2006-02-02 19:24:16

by Dave Jones

[permalink] [raw]
Subject: discriminate single bit error hardware failure from slab corruption.

In the case where we detect a single bit has been flipped, we spew
the usual slab corruption message, which users instantly think
is a kernel bug. In a lot of cases, single bit errors are
down to bad memory, or other hardware failure.

This patch adds an extra line to the slab debug messages in those
cases, in the hope that users will try memtest before they report a bug.

000: 6b 6b 6b 6b 6a 6b 6b 6b 6b 6b 6b 6b 6b 6b 6b 6b
Single bit error detected.
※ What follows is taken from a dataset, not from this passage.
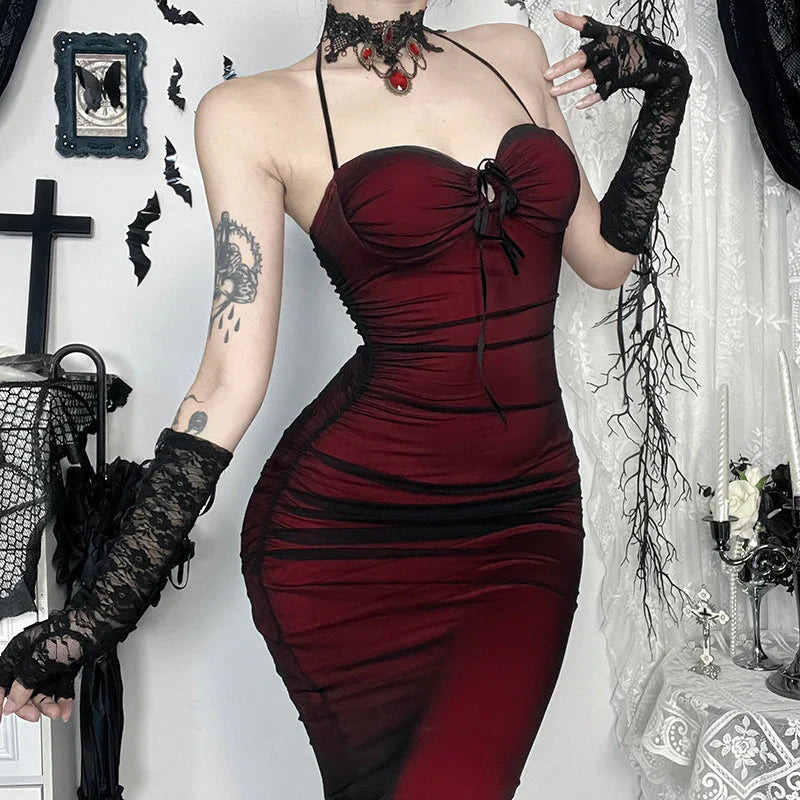 Vintage Halter Sheath Long Party Dress Formal Evening Dress cc3233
Possibly bad RAM. Please run memtest86.

Signed-off-by: Dave Jones <[email protected]>

--- linux-2.6.15/mm/slab.c~ 2006-01-09 13:25:17.000000000 -0500
+++ linux-2.6.15/mm/slab.c 2006-01-09 13:26:01.000000000 -0500
@@ -1313,8 +1313,11 @@ static void poison_obj(kmem_cache_t *cac
static void dump_line(char *data, int offset, int limit)
{
int i;
+ unsigned char total=0;
printk(KERN_ERR "%03x:", offset);
for (i = 0; i < limit; i++) {
+ if (data[offset+i] != POISON_FREE)
+ total += data[offset+i];
printk(" %02x", (unsigned char)data[offset + i]);
}
printk("\n");
@@ -1019,6 +1023,18 @@ static void dump_line(char *data, int of
}
}
printk("\n");
+ switch (total) {
+ case 0x36:
+ case 0x6a:
+ case 0x6f:
+ case 0x81:
+ case 0xac:
+ case 0xd3:
+ case 0xd5:
+ case 0xea:
+ printk (KERN_ERR "Single bit error detected. Possibly bad RAM. Please run memtest86.\n");
+ return;
+ }
}
#endif


2006-02-02 19:28:07

by Randy Dunlap

[permalink] [raw]
Subject: Re: discriminate single bit error hardware failure from slab corruption.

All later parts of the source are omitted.